I don't count a statement of the form "x such that x is not a member of x" as mathematical, because my intuition doesn't want me to talk about sets being members of themselves unless I have a mathematical formalism for sets and set membership for which that works.

The problem is, how do you exclude it from working? If you're just working in first-order logic and you've got a "membership" predicate, of course it's a valid sentence. Russell and Whitehead tried to exclude it from working with a theory of types, but, I hear that has philosophical problems. (I admit to not having read their actual axioms or justification for such. I imagine the problem is basically as follows - it's easy enough to be clear about what you mean for finite types, but how do you specify transfinite types in a way that isn't circular?) The modern solution with ZFC is not to bar such statements; with the axiom of foundation, such statements are perfectly sensible, they're just false. Replace it with an antifoundational axiom and they won't always be false. However, in either case - or without picking a case at all - Russell's paradox still holds; allowing there to be sets that are members of themselves, does not allow there to be a set of all such sets. That is always paradoxical.

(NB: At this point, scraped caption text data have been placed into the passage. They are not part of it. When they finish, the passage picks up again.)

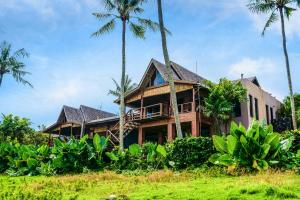 a house with palm trees in front of it at Villa Tao in Tabanan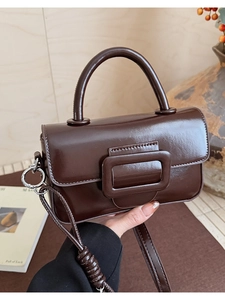 Macro detail of glossy dark brown PU leather handbag with elegant buckle and texture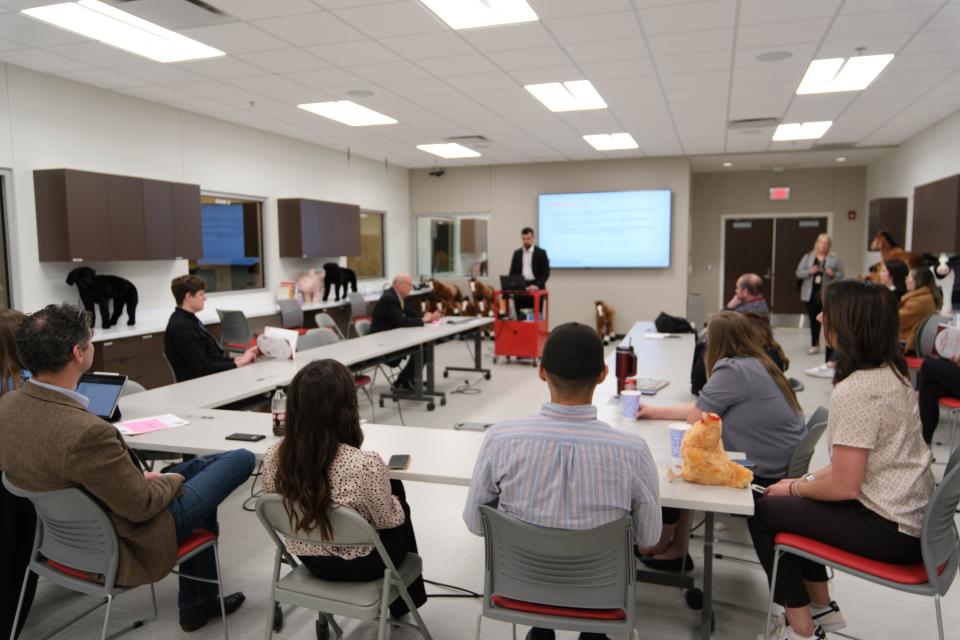 Attendees listen to a lecture Friday at the inaugural Amarillo Research Symposium at the Texas Tech School of Veterinary Medicine in Amarillo.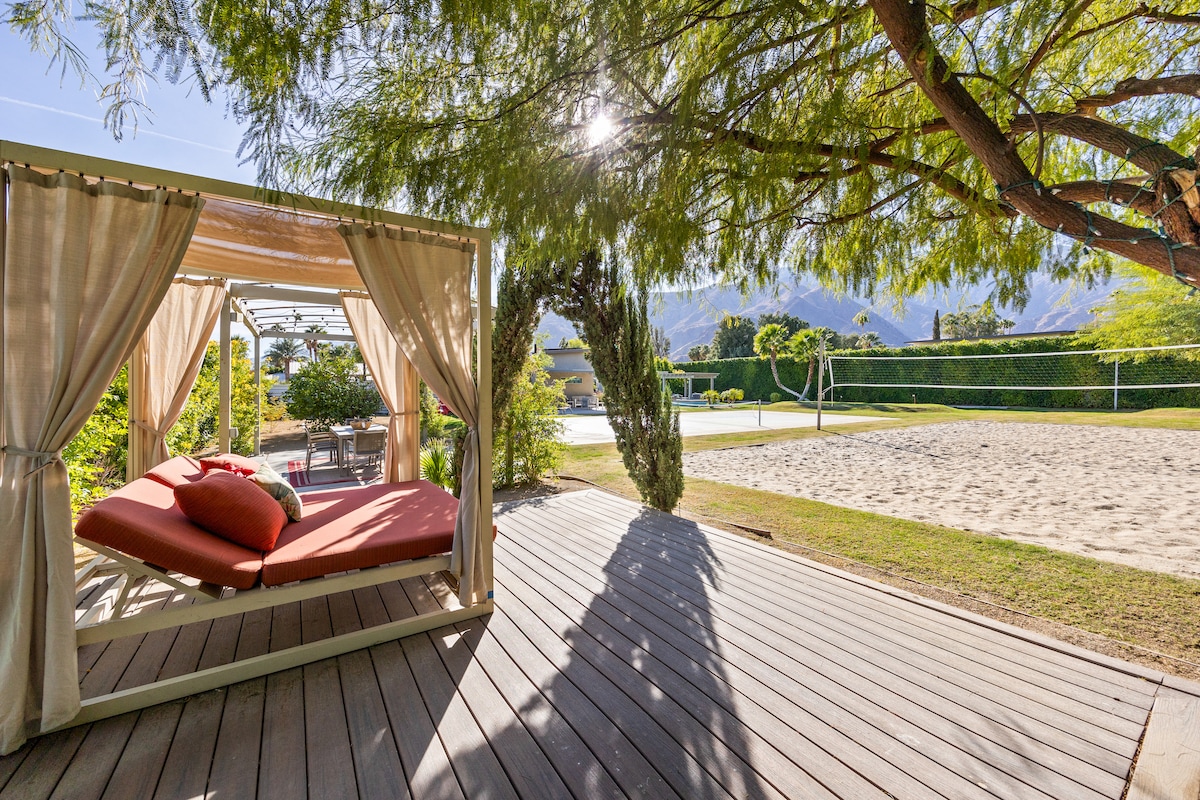 A shaded outdoor lounging area features a comfortable daybed with cushions, situated on a wooden deck. In the background, a sand volleyball court is visible alongside lush green lawn areas and distant views of the surrounding mountains under clear skies.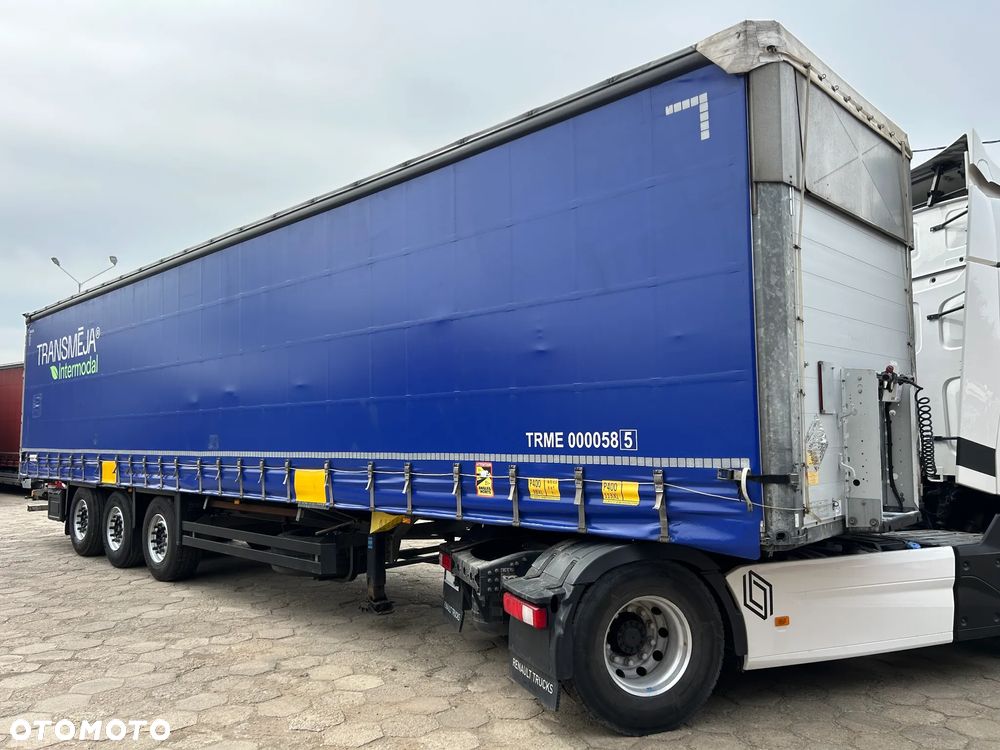 Schmitz Cargobull FIRANKA PODNOSZONY DACH NOWE PLANDEKI / 657 841 KM PRZEBIEGU / BARDZO ŁADNE OPONY / Z PEŁNYM WYPOSAŻENIEM DO ZAŁADUNKU / UCHWYTY PROMOWE / DOSTĘPNE 20 SZTUK KOLORY SREBRNY - NIEBIESKI - CZERWONY !! - 5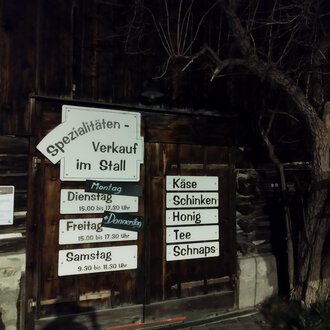 A wooden building with a sign for specialty sales in the barn. The signage indicates opening hours and offered products such as cheese and honey. | © Abler Spezialitätenverkauf im Stall | N. Lughammer
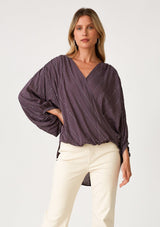 [Color: Dusty Plum] A front facing image of a blonde model wearing a dusty purple bohemian blouse with a sparkly sequin stripe. With voluminous long three quarter length sleeves, a surplice v neckline, a high low hemline, and an ultra flowy fit.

It's also not happy about the quantification of x in that sentence; it's a recursive quantification. Let's put it this way: Any computer program I have ever written to handle quantification would crash or loop forever if you tried to give it such a statement.

It's not recursive unless you're already working from a framework where there are objects and sets of objects and sets of etc. In the framework of first-order logic, there are just sets, period. Quantification is over the entire set-theoretic universe. No recursion, just universality. In ZFC sets can indeed be classified into this hierarchy, but that's a consequence of the axiom of foundation, not a feature of the logic.

Comment author: JoshuaZ 05 May 2010 01:19:42AM 0 points [-]

I prefer to not have either foundation or an anti-foundational axiom. (Foundation generally leads to a more intuitive universe with sets sort of being like boxes but anti-foundational axioms lead to more interesting systems).

I'm also confused by cousin it's claim. I don't see how bisimulation helps one deal with Russell's paradox but I'd be interested in seeing a sketch of an attempt. As I understand it, if you try to use a notion of bisimilarity rather than extensionality and apply Russell's Paradox, you end up with essentially a set that isn't bisimilar to itself. Which is bad.